The regex ^(https|git)(:\/\/|@)([^\/:]+)[\/:]([^\/:]+)\/(.+).git$
works for the three types of URL.
#!/bin/bash
# url="git://github.com/some-user/my-repo.git"
# url="https://github.com/some-user/my-repo.git"
url="git@github.com:some-user/my-repo.git"
re="^(https|git)(:\/\/|@)([^\/:]+)[\/:]([^\/:]+)\/(.+)(.git)*$"

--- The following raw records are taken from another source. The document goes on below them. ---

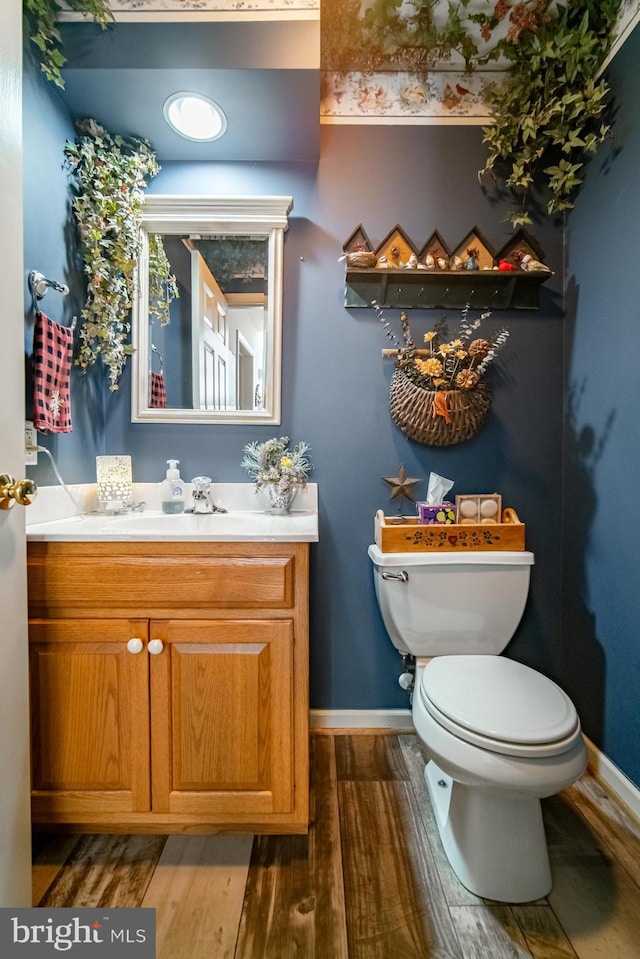 bathroom featuring toilet, baseboards, wood finished floors, and vanity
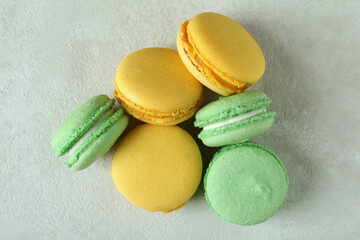 Concept of tasty dessert with macaroons on white textured background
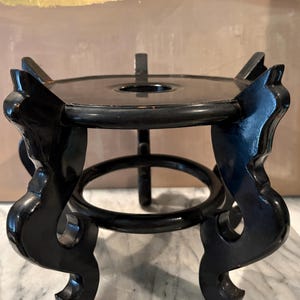 May include: A black wooden display stand featuring a circular top platform with a central hole, supported by four curved, ornate legs that extend outward. The stand has a smooth, polished finish with visible signs of wear along the edges.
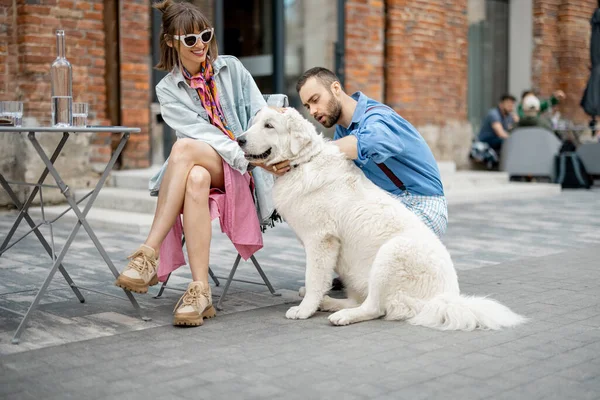 Stylish man and woman care adorable white dog while hanging out together at cafe terrace. Man flirting with woman caaring her dog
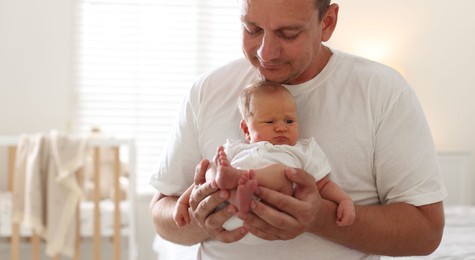 Photo of Dad with his newborn baby at home, closeup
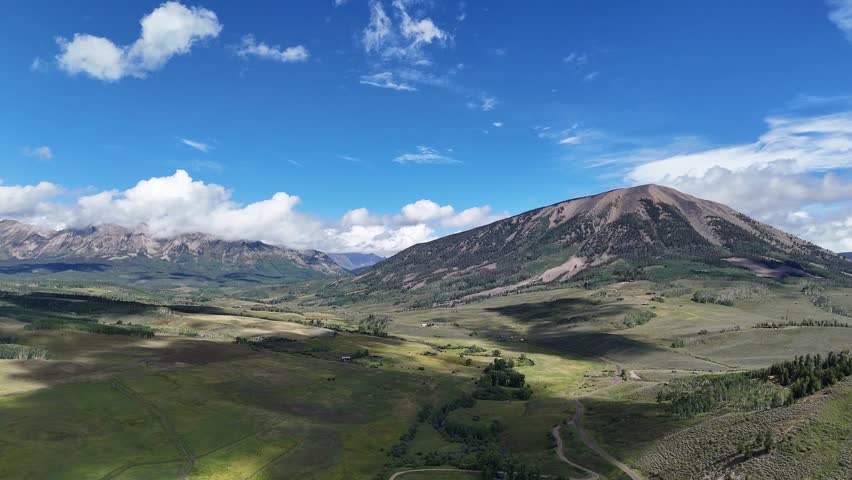 Aerial View of Mount Crested Butte and Green Landscape of Elk Mountains on Sunny Summer Day, Colorado USA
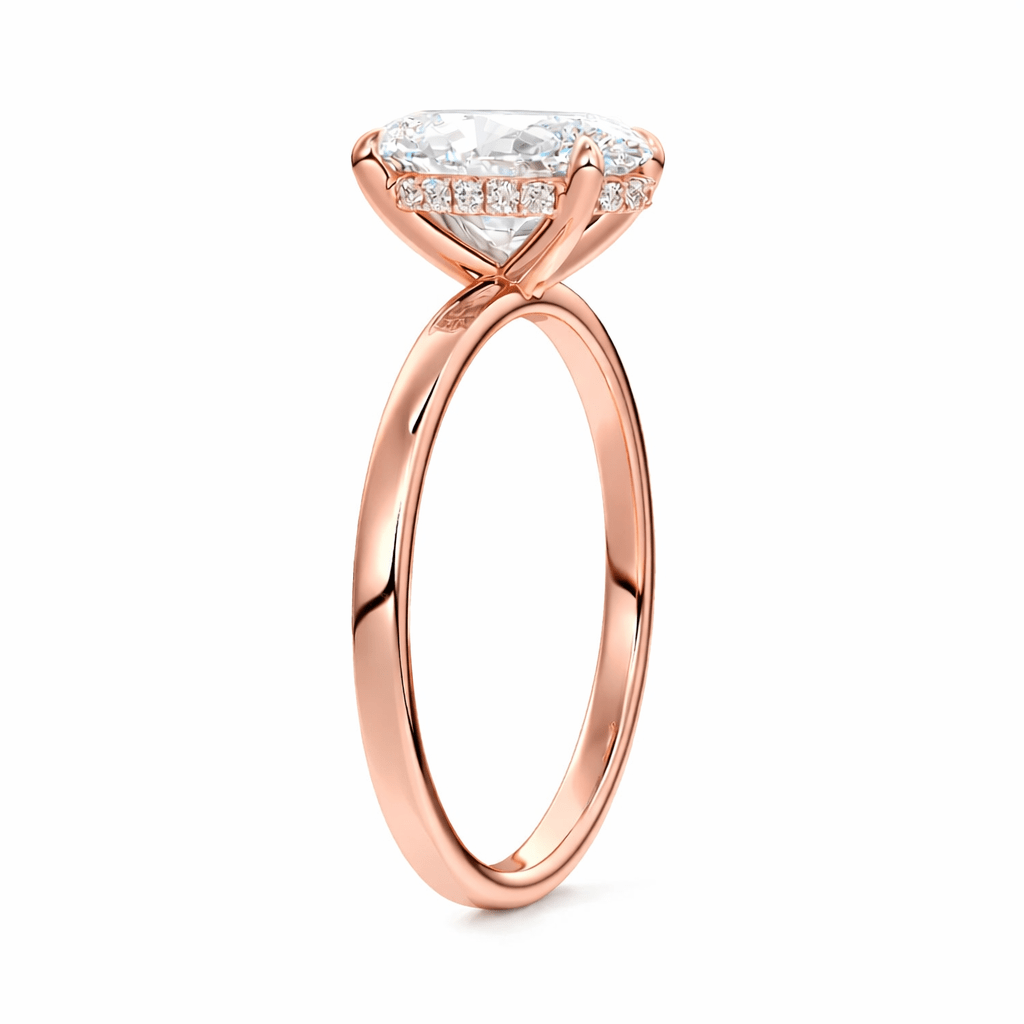 Rose gold ring with a large diamond and smaller diamonds on the band against a white background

if [[ $url =~ $re ]]; then
protocol=${BASH_REMATCH[1]}
separator=${BASH_REMATCH[2]}
hostname=${BASH_REMATCH[3]}
user=${BASH_REMATCH[4]}
repo=${BASH_REMATCH[5]}
fi
Explaination (see it in action on regex101):
^
matches the start of a string
(https|git)
matches and captures the characters https
or git
(:\/\/|@)
matches and captures the characters ://
or @
([^\/:]+)
matches and captures one character or more that is not /
nor :
[\/:]
matches one character that is /
or :
([^\/:]+)
matches and captures one character or more that is not /
nor :
, yet again
[\/:]
matches the character /
(.+)
matches and captures one character or more
(.git)*
matches optional .git
suffix at the end
$
matches the end of a string
This if far from perfect, as something like https@github.com:some-user/my-repo.git
would match, but I think it's fine enough for extraction.